In [None]:
# pyspark functions
from pyspark.sql.functions import *
# URL processing
import urllib

In [None]:
from pyspark.sql.types import *
from pyspark.sql.functions import *
import urllib

# Specify file type to be csv
file_type = "csv"
# Indicates file has first row as the header
first_row_is_header = "true"
# Indicates file has comma as the delimeter
delimiter = ","
# Read the CSV file to spark dataframe
aws_keys_df = spark.read.format(file_type)\
.option("header", first_row_is_header)\
.option("sep", delimiter)\
.load("/FileStore/tables/authentication_credentials.csv")

In [None]:
# Get the AWS access key and secret key from the spark dataframe
ACCESS_KEY = aws_keys_df.select('Access key ID').collect()[0]['Access key ID']
SECRET_KEY = aws_keys_df.select('Secret access key').collect()[0]['Secret access key']
# Encode the secret key
ENCODED_SECRET_KEY = urllib.parse.quote(string=SECRET_KEY, safe="")

In [None]:
# Creating df_pin from pin kinesis stream
df_pin = spark \
.readStream \
.format('kinesis') \
.option('streamName','streaming-0e8c5a5fa275-pin') \
.option('initialPosition','earliest') \
.option('region','us-east-1') \
.option('awsAccessKey', ACCESS_KEY) \
.option('awsSecretKey', SECRET_KEY) \
.load()

In [None]:
# Parsing df_pin from data
from pyspark.sql.functions import from_json, col, expr
from pyspark.sql.types import StructType, StringType, IntegerType  # include all necessary types

# Defineing schema 
pin_schema = StructType([
    StructField("index", StringType(),True),
    StructField("unique_id", StringType(),True),
    StructField("title", StringType()),
    StructField("description", StringType()),
    StructField("poster_name", StringType()),
    StructField("follower_count", StringType()),  
    StructField("tag_list", StringType()),
    StructField("is_image_or_video", StringType()),
    StructField("image_src", StringType()),
    StructField("downloaded", IntegerType()),
    StructField("save_location", StringType()),
    StructField("category", StringType())
])  
# Defining outer schema
outer_schema = StructType([
    StructField("value", pin_schema)
])

# Delinearising data from stream
df_pin_json_string = df_pin.selectExpr("cast(data as string) as json_string")

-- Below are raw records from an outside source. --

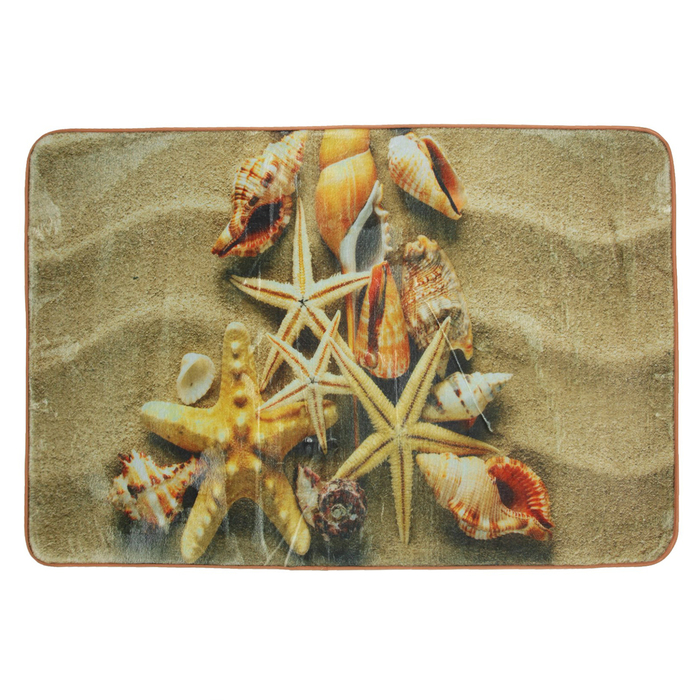 Коврик для ванной "Песчаный пляж"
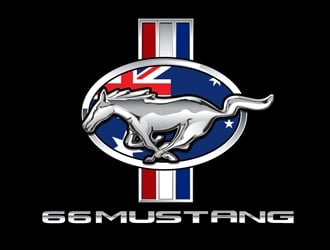 66 Mustang  logo design by DreamLogoDesign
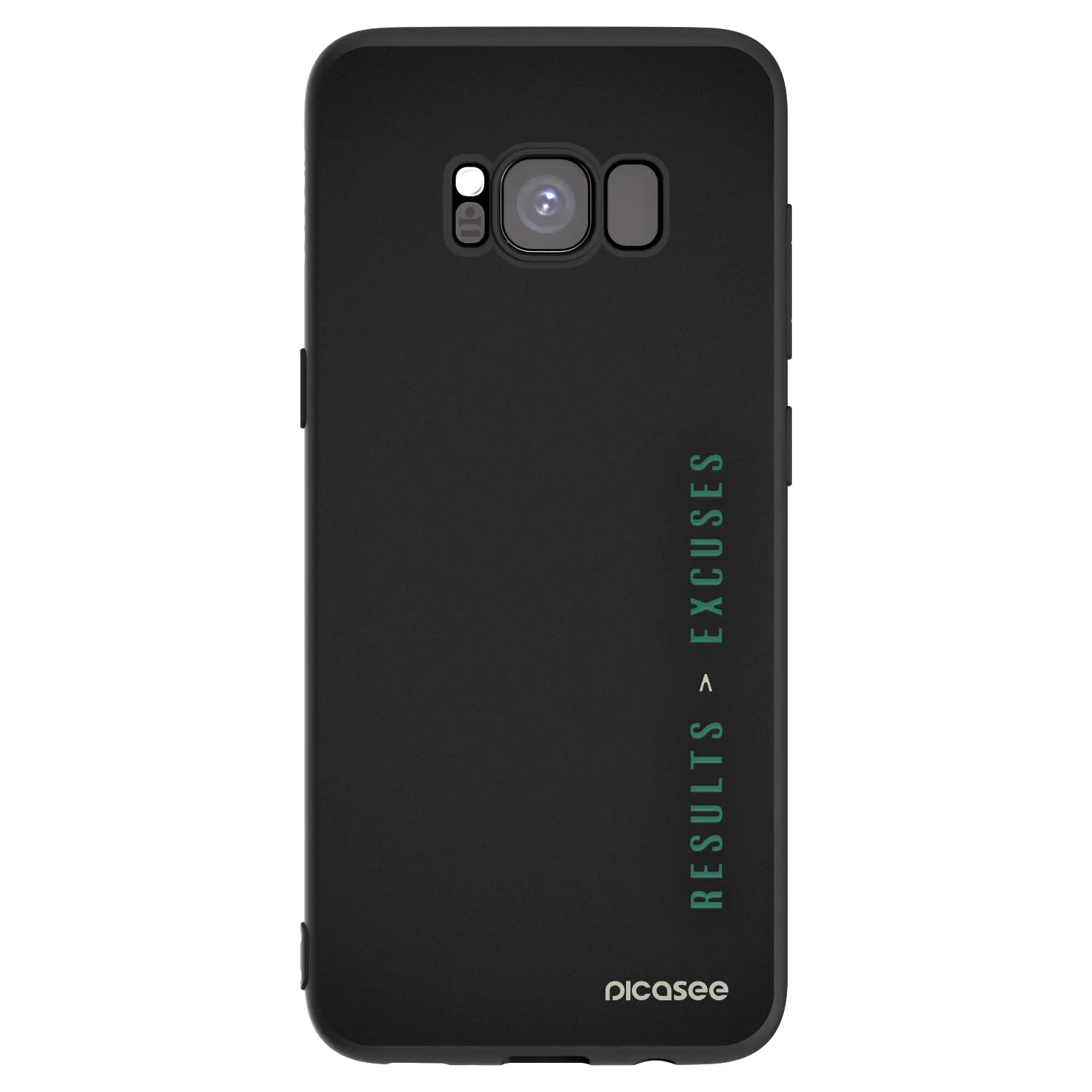 Picasee silikónový čierny obal pre Samsung Galaxy S8 G950F - Results x Excuses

df_pin_parsed = df_pin_json_string.select(from_json(col("json_string"), outer_schema).alias("parsed_json"))

# Now select the data fields from the "value" column

df_pin_flattened = df_pin_parsed.select("parsed_json.value.*")


#display(df_pin_flattened)

In [None]:
# Cleaning df_pin
# Import the necessary libraries
from pyspark.sql.functions import regexp_replace, col, expr, when
from pyspark.sql.types import IntegerType

# Replace empty entries and entries with no relevant data with Nones
columns_to_clean = ["description","follower_count","image_src", "poster_name", "tag_list","title"]

irrelevant_data_indicators = {
    "description": ["", "No description available Story format", "No description available","Untitled"],
    "follower_count": ["","User Info Error"],
    "image_src": ["", "Image src error."],
    "poster_name": ["", "User Info Error"],
    "tag_list": ["", "N,o, ,T,a,g,s, ,A,v,a,i,l,a,b,l,e"],
    "title": ["", "No Title Data Available"]
}

for column in columns_to_clean:
    df_pin_flattened = df_pin_flattened.withColumn(column, 
                               when(col(column).isin(irrelevant_data_indicators[column]), None)
                               .otherwise(col(column)))
    

# Ensuring each column containing numeric data has a numeric data type
df_pin_flattened = df_pin_flattened.withColumn("follower_count", 
                   when(col("follower_count").endswith("k"), 
                        (regexp_replace(col("follower_count"), "k$", "").cast("float") * 1000).cast("int"))
                   .when(col("follower_count").endswith("M"), 
                        (regexp_replace(col("follower_count"), "M$", "").cast("float") * 1000000).cast("int"))
                   .otherwise(col("follower_count").cast("int")))

# Clean the data in the save_location column to include only the save location path
df_pin_flattened = df_pin_flattened.withColumn("save_location", regexp_replace(col("save_location"), "^Local save in (/data/.+)$", "$1"))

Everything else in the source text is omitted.